Depth: This is drastically improving. The last two offseasons we've returned only 25 or 26 offensive players, which has forced us to shove 9 true freshmen into action and bring in a number of transfers at QB and the OL. But starting next year, even with some attrition, we should bring back over 30 offensive players, and could have close to 30 underclassmen in the pipeline as well, setting up quality depth for both the near and long term.
Balance: The depth we do have is becoming well distributed across the position groups. Of next season's 34 projected returners, 13 are on the OL, 13 at WR/TE, 3 are QBs, 5 are TBs. That's not just a 2-deep, that's almost a 3-deep at every position group.

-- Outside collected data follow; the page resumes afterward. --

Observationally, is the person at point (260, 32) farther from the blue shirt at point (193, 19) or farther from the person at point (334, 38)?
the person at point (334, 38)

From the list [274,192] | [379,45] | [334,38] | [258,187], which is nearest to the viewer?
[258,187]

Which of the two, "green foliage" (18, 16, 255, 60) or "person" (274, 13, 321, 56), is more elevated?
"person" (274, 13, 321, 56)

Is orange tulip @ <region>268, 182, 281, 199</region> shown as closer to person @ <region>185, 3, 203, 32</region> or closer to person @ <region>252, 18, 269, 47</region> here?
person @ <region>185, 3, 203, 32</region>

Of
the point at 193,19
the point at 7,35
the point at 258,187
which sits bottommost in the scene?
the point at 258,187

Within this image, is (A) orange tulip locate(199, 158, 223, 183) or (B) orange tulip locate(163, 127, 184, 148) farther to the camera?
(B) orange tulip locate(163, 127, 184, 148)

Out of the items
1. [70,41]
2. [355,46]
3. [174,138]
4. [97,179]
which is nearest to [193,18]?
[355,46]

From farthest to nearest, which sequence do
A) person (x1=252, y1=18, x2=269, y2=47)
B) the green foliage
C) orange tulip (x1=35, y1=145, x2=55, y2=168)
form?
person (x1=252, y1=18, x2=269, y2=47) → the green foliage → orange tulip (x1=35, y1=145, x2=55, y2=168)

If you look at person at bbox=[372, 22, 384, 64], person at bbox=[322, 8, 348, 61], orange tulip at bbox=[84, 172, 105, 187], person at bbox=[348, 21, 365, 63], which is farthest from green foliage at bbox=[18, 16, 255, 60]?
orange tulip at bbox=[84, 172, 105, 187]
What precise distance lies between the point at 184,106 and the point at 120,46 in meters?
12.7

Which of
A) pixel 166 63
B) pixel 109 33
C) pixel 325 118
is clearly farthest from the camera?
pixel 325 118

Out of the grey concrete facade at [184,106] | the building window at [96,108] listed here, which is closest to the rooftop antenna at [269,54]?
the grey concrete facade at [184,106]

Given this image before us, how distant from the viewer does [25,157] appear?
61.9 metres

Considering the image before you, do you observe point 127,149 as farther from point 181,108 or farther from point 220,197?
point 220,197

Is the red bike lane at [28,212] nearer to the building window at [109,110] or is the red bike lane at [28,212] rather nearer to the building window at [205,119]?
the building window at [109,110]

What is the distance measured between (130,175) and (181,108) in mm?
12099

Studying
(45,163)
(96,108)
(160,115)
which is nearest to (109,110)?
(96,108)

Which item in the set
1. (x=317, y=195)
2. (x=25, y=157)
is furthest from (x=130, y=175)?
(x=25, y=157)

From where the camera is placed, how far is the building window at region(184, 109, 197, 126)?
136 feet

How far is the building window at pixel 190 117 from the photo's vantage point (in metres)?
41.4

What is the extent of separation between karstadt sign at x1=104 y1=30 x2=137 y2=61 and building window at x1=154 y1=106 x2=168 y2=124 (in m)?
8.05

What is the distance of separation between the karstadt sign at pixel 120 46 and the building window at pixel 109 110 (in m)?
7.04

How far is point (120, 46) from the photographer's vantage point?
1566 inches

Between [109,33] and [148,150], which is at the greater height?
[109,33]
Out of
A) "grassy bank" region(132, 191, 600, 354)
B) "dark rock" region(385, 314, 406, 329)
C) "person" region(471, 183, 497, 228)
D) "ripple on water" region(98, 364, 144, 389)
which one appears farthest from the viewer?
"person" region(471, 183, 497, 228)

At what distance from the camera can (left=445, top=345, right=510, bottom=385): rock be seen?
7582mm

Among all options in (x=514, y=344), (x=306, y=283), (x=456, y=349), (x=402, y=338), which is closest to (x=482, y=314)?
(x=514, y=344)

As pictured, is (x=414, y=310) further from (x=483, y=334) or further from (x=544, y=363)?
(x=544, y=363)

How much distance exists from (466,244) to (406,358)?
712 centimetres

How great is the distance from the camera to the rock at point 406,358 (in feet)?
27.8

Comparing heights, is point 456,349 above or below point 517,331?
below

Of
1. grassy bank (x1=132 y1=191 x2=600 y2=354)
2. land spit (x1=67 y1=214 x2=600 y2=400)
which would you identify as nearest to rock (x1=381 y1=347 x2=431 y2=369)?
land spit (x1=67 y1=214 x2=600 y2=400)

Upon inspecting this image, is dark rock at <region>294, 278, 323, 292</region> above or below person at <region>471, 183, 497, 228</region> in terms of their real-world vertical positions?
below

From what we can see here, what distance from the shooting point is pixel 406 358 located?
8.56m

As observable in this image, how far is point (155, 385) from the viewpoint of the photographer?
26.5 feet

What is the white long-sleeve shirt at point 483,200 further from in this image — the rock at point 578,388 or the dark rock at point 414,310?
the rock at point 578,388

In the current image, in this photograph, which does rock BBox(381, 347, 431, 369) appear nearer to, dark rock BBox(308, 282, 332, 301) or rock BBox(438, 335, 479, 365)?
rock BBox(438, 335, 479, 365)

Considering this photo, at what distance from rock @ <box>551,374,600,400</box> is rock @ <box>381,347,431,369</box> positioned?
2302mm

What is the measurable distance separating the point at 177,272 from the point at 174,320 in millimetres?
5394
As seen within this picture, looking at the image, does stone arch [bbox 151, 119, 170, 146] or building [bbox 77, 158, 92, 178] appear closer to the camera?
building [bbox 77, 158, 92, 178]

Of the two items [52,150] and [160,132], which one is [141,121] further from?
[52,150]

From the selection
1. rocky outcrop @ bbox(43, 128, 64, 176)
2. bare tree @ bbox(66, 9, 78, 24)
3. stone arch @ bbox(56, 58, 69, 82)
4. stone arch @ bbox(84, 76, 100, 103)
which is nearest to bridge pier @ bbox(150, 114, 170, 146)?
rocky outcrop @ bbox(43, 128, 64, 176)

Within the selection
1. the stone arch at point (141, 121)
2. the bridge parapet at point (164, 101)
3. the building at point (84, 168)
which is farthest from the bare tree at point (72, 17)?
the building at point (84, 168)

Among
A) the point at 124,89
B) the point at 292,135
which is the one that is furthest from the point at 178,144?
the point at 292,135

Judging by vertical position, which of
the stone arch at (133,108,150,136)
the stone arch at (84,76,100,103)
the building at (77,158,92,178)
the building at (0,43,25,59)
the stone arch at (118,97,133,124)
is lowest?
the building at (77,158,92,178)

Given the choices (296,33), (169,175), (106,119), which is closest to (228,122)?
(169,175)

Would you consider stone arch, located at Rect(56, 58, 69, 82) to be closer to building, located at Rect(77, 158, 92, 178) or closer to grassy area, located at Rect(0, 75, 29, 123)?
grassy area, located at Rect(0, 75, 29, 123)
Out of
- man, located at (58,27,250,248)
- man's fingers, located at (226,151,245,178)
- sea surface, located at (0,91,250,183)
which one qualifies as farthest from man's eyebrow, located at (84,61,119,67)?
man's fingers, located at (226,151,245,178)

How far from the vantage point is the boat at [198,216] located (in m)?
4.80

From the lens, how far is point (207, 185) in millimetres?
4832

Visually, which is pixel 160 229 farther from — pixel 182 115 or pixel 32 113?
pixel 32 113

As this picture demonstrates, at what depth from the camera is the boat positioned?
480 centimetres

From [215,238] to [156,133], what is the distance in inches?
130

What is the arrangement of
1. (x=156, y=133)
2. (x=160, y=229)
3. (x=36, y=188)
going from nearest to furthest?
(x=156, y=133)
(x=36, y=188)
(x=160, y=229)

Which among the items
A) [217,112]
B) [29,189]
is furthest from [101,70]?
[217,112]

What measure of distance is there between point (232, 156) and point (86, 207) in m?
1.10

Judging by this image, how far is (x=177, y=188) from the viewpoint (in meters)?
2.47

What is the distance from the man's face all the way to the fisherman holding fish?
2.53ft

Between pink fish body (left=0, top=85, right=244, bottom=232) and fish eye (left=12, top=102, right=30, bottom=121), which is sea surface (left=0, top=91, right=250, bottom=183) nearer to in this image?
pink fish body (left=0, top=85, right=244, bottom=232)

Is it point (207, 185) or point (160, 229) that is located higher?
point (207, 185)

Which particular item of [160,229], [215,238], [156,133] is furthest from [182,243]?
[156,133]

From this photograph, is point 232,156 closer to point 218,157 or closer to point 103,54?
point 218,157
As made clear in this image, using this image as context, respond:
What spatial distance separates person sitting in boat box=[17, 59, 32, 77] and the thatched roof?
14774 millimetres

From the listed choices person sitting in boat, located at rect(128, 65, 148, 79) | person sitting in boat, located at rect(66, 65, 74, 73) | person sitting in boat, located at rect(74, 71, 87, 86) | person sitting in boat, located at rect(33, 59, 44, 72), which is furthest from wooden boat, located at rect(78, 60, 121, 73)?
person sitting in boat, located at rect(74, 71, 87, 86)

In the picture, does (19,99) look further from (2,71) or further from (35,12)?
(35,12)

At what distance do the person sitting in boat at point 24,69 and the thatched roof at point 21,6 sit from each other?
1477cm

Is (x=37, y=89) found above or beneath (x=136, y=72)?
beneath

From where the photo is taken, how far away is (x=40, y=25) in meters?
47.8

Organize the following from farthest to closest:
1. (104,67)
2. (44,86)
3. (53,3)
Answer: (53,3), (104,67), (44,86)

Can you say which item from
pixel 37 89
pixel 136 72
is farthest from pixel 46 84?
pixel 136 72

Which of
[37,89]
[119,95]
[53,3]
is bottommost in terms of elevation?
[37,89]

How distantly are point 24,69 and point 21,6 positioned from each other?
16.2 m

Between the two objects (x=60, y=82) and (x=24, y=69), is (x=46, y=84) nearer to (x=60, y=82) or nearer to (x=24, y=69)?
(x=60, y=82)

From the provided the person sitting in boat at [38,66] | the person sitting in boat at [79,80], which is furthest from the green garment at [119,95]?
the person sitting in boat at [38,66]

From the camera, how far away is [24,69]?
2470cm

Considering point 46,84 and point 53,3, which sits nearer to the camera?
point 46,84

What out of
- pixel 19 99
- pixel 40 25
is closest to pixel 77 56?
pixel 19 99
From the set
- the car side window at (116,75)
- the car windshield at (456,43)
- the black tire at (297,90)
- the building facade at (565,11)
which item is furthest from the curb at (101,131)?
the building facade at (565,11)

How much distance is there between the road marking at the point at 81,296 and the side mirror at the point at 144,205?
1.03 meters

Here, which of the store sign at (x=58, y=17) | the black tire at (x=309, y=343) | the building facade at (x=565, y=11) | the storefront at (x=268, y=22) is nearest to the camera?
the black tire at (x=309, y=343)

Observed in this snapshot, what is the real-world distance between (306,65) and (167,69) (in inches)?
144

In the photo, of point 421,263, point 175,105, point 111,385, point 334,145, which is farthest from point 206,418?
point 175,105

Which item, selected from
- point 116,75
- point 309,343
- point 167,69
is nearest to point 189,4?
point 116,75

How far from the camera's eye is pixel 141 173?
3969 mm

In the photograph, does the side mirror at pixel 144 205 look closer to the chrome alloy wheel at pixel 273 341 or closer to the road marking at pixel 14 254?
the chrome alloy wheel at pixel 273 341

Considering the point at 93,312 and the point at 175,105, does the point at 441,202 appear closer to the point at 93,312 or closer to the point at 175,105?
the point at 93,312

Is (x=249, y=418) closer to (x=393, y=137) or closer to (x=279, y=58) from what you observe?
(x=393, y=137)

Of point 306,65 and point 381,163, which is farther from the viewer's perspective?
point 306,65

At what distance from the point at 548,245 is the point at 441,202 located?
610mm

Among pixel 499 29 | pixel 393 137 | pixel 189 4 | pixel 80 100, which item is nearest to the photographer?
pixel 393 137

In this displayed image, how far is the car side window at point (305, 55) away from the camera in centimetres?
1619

Talent: The talent level is still pretty average. Bronco's classes have been almost entirely composed of three star talents, having missed on some of the 4-star in-state offensive studs like Indiana's RB Ronnie Walker or Louisville's OL Mekhi Becton. But at the same time, there are very few reaches populating the roster either, the 3-stars they are getting are good fits for the scheme, good fits for the locker room, and all seem to have measurables or a skillset to eventually make an impact, even if they may need a couple years to soak.